Candidate match pairs are selected based extensive geometry and topology relationship in the proposed algorithm for Delaware county map conflation project. First, multiple candidates are selected based on proximity.  For each candidate points, neighborhood, connectivity, proximity of connected  points, and spider function are surveyed. Among those candidates, the best  fit one is selected. In order to confirm match pairs, the proposed map conflation algorithm uses a semi-automatic quality processes. This process also picks match pairs based on orthophotos where reference data do not exist. Weighted piecewise linear transformation can be considered in the process of transformation. In traditional piecewise rubber-sheet linear map transformation, edges of each triangle play an important role in transformation. One of characteristics of this transformation is that the neighborhood between edges (imaginary control line) of triangles and points inside of a triangle is maintained no matter what the movement of neighbor control points and the closeness of a point transformed with neighbor control points. It will completely follow the meaning of rubber-sheet of map if the movement and the closeness of neighbor control points are considered because the transformation is dependent on all control points (global transformation). However, it is inefficient or impractical to consider all control points for transformation because there are main weights in control points close to a point needed to transfer. Natural neighbor algorithm would be adopted to find weighted control points [6]. However, this is on going research, not applied or implemented to this proposed algorithm. In here, traditional rubber sheeting is used. After transformation, linear feature matching is conducted. Finding two linear features are not easy task in two complicated graphs where geometry and topology of two graphs are different. Candidate liner features are created from two end nodes which are used in match pairs. Several criteria are used to determine similarity between them and then replace one to other if similarity condition is passed.  Finally, edit process is implement in the final QC process to align unsolved  features. The proposed algorithmic methods for Delaware county map conflation project are as follows.
 
 

1. Identify control points from Census block coverage.

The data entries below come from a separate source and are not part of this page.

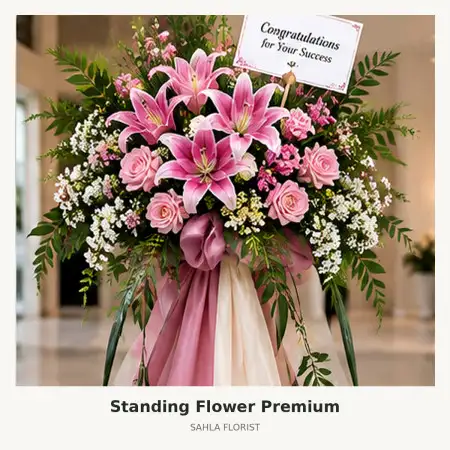 Standing Flowers Serang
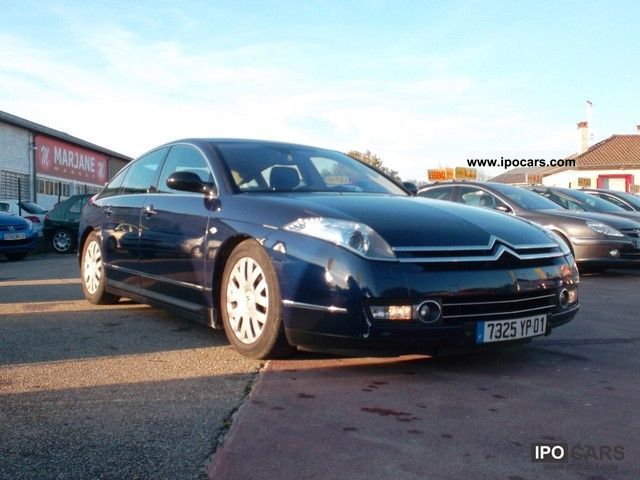 2007 Citroen  C6 Exclusive HDi 173 FAP Limousine Used vehicle photo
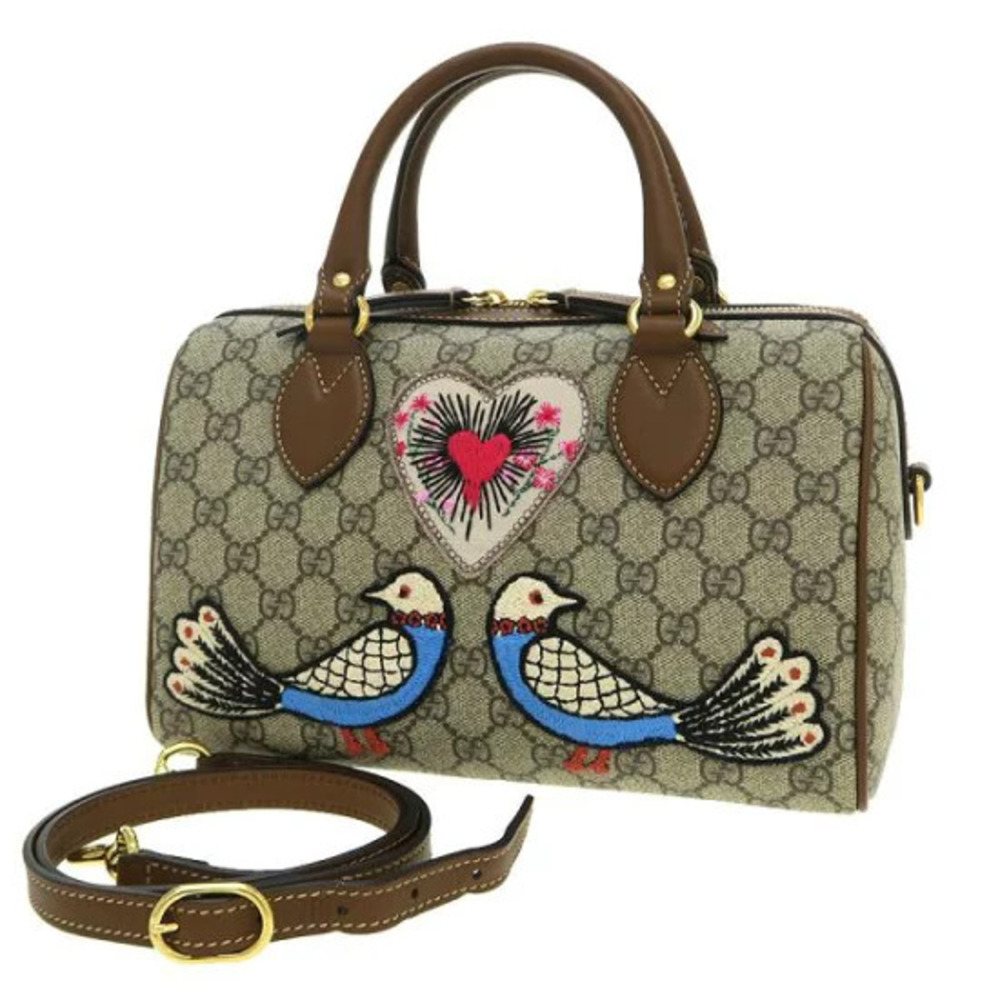 Gucci GG Supreme Handbag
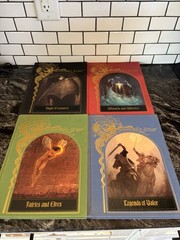 The Enchanted World Lot of 10 Volumes Time Life Books Ghosts Dwarfs Fairies HC
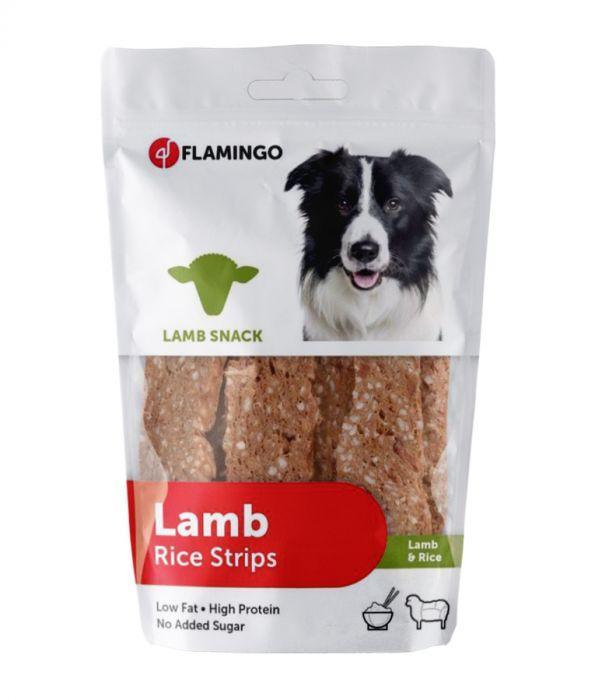 Flamingo - Lamb & Rice Snack Treat (150g) - PetHaus General Trading LLC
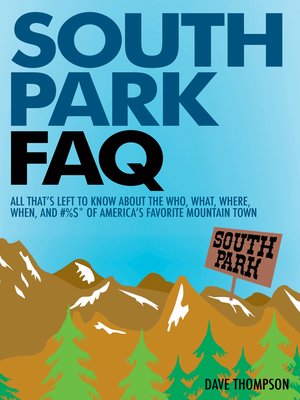 cover image of South Park FAQ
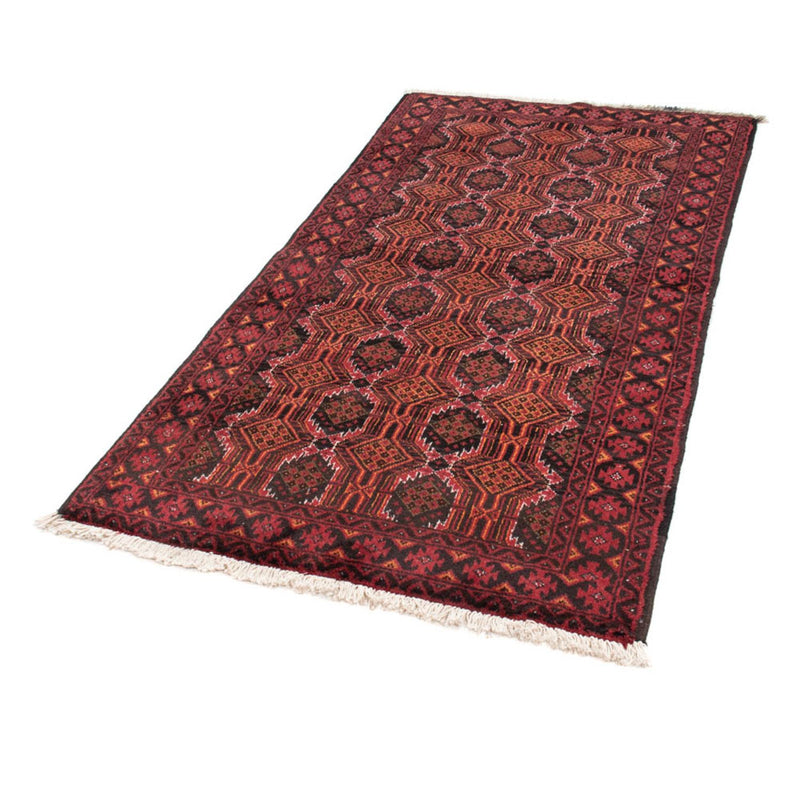 Alfombra de pasillo Alfombra Belutsch - 184 x 98 cm - multicolor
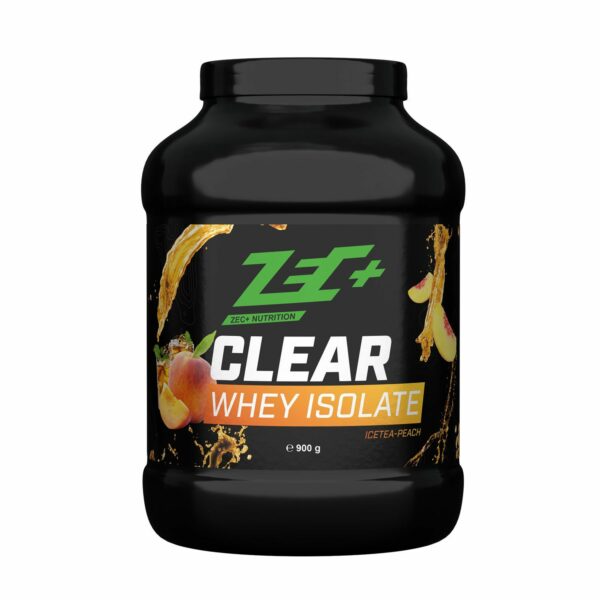 Zec+ Clear Whey Isolate Eistee-Pfirsich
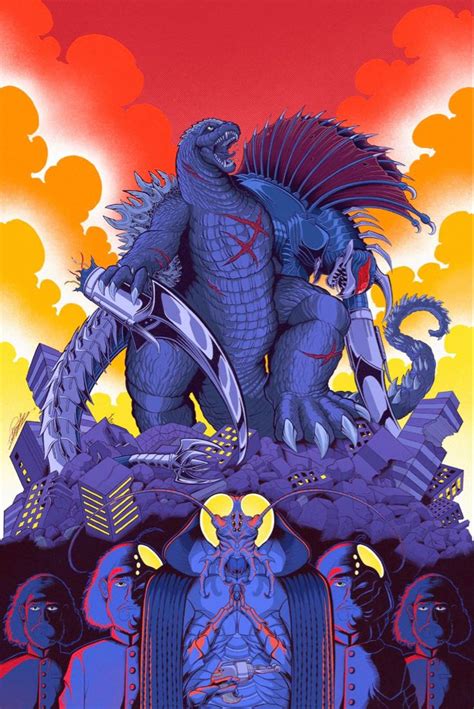 Pin By Nick Mockoviak On Godzilla And Kaiju In 2023 Godzilla Godzilla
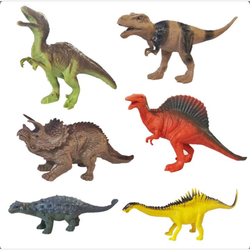 فیگور مدل دایناسور بسته 6 عددی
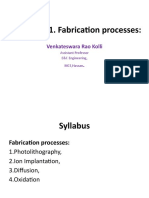 Module 3.1 Photolithography (21!05!2023)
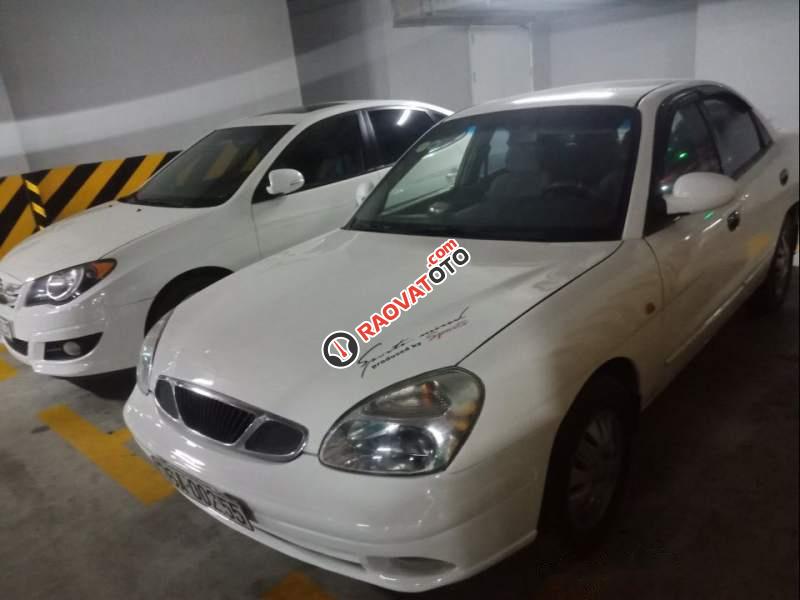 Bán Daewoo Nubira II đời 2000, màu trắng, giá chỉ 79 triệu-1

2. Find Match pairs from Delaware GIS-base using multiple criteria.

    - Multiple candidates based proximity.

    - Proximity.

    - Neighborhood.

    - Connectivity.

    - Spider function.

    - Weight of each criterion.

3. Semi-automatic quality control for match pairs.

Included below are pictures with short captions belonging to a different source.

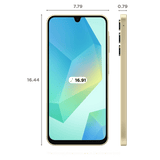 A166PZDI-A16 5G (8GB_256GB)-GOLD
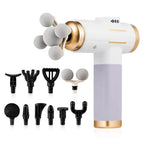 Electric Massage Gun 99 Level Powerful Fascia Gun High-Frequency Vibration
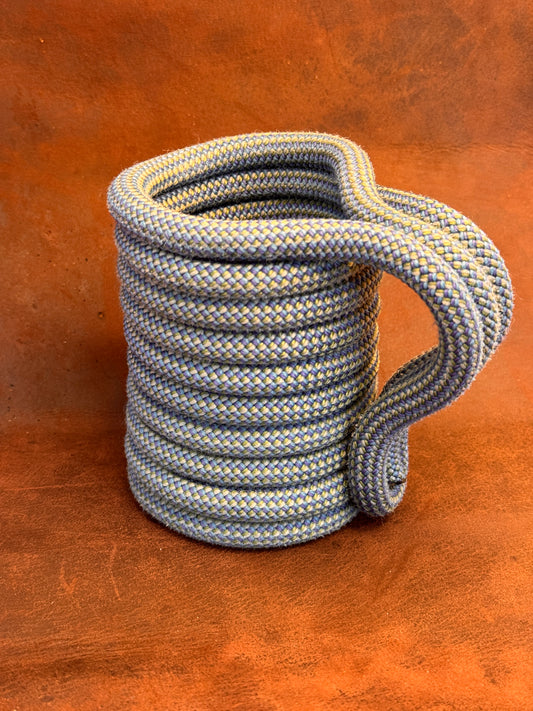 Blue, Short Climbing Rope Cup Cosy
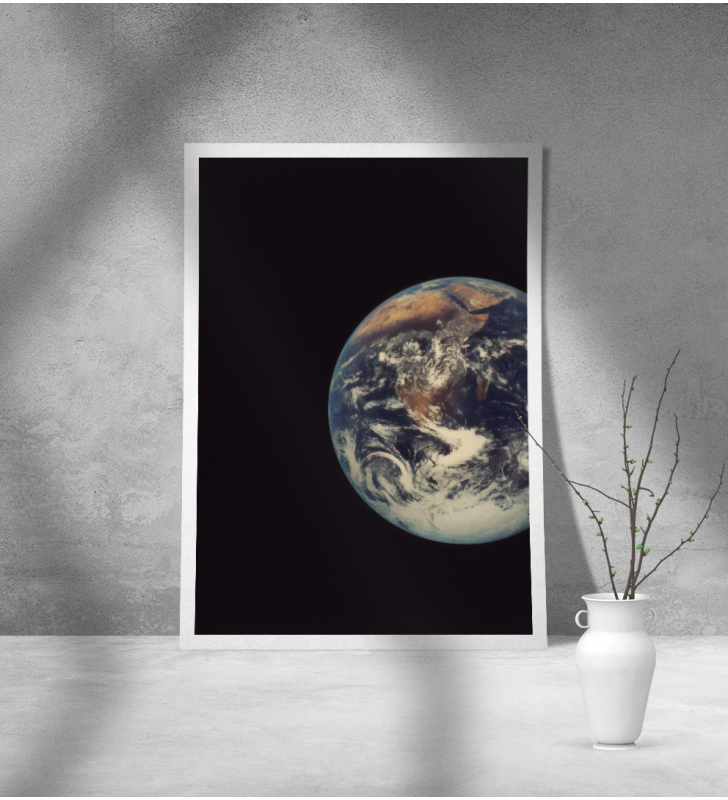 Εκτύπωση σε Αφίσα Χαρτί Planet Earth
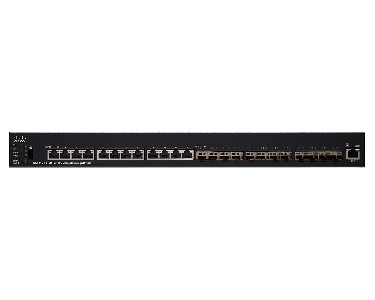 Cisco SX550X-24FT 24-Port 10G Stackable Managed Switch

4. Triangulation of match pairs.

5. Weighted (on going research) or non-weighted piecewise linear transformation.

6. Liner feature matching based on match pairs.

    - same end points

    - edge #

    - distance (between polylines, between points)

    - curvature

7. Quality control (edit).
 
 
 
 
 

3. Implementation and Result
 
 

The above procedures were implemented using the following spatial data.
 

Source Map:

1990 Tiger Block coverage (in ArcView shape file format)
 
 

Reference Frames:

DALIS Project's  Digital Orthophotos, Road Center Line, Townships, Municipalities, and  Subdivision coverages.

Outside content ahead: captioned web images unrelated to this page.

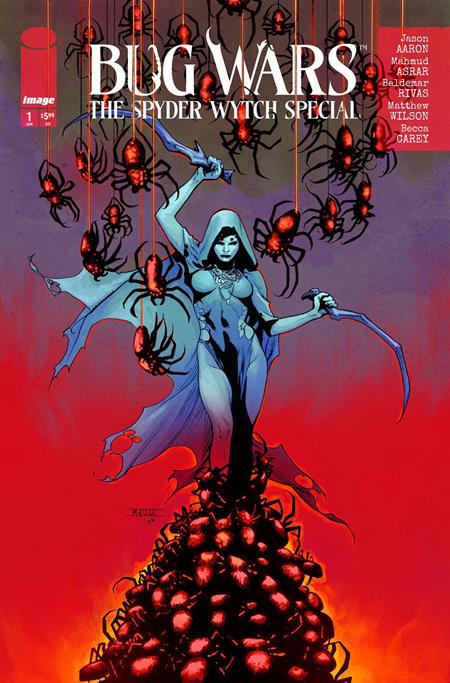 Bug Wars The Spyder Wytch Special  | One Shot  A Mahmud Asrar & Matthew Wilson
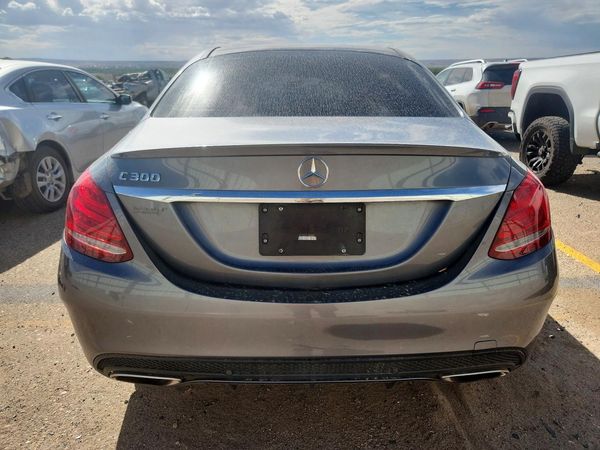 2017 MERCEDES-BENZ C C300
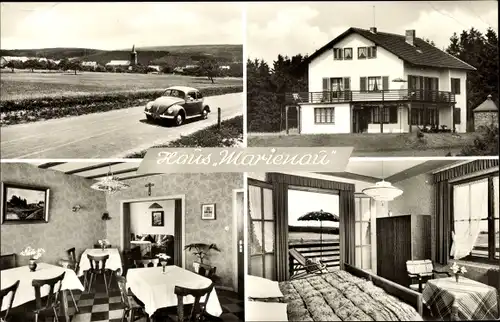 Ak Norath Rheinland Pfalz, Haus Marienau, Teilansichten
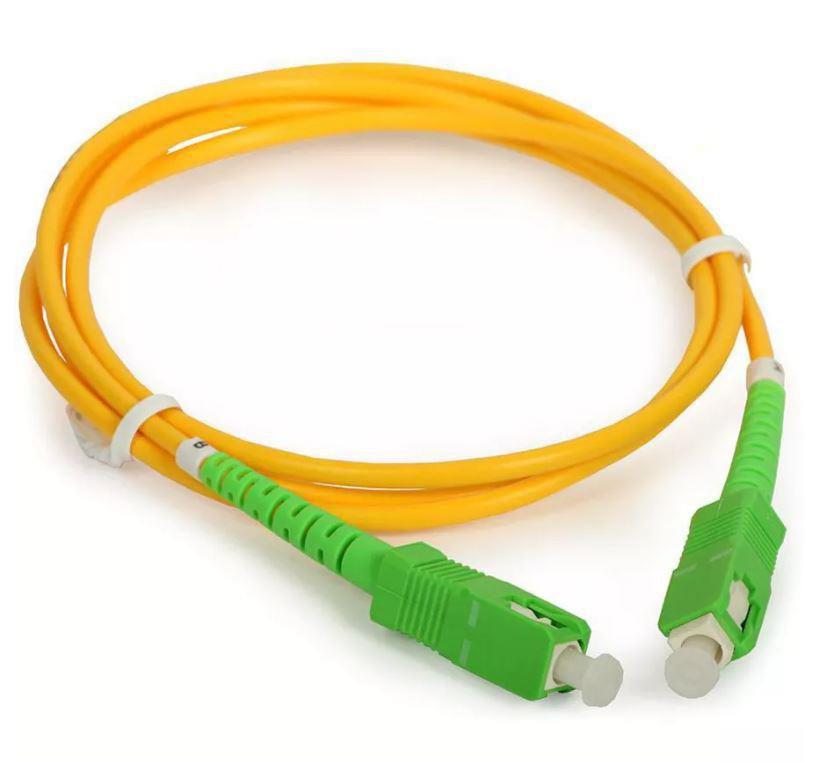 MicroConnect Patch Kabel - SC/APC-SC/APC 7m OS2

USGS's Railroad  and Hydrographic (Polygon and Arc) Coverages
 
 

There were 2206 selected matched pairs, and ultimately 1318 points were selected after quality control.  Most rejected pairs were from hydrographic area where finding matching pairs is difficult even for humans because the natural shape is irregular, the map generalization process has been applied excessively, and riverside could be changed by natural erosion.
 
 

To provide visualization for map conflation, ArcView   is used. Quality control processing for verifying matched pairs and editing unresolved features were implemented in ArcView and some Avenue programs were added to help processing. Other operations are implemented by C++ programs. USGS data were only used for visual aid in QC process.  A logical design of the conflation process is provided.
 
 

To show the results of each process, the clickable diagram   is provided. Click on any interesting step in the following figure. The related figures will be shown.
 


Figure 1. Clickable diagram for map conflation



The proposed map conflation system offers an automated  approach but some human interaction (visual verification of machine-proposed matched pairs and some manual editing) is needed at QC and final stage, respectively. However, this approach reduced types of editing such as line stretching,  line translation, and line rotation to only line stretching.
 
 
 
 
 
 

4. Conclusions and Future Research
 

In this paper, the conflation stages for the Delaware county   map conflation project were shown.  Fully automated solution was attempted, but due to hard problems, a small amount of human interaction was necessary in the proposed  system. This system's operations consist of automatically detecting match pairs, applying quality control, triangulation, piecewise-linear rubber-sheeting, linear feature matching, and finally quality control for unsolved features. This system provides many benefits  to county level GIS- and mapping mangers by drastically reducing human interaction in map data integration. Even though this system provided reliable results for Ohio's Delaware county, more research will be needed to find solutions that can be even more fully automated. Planned future research will investigate the following:

- How to optimize the number of control points (balance the number of control points between oversampling and undersampling  area).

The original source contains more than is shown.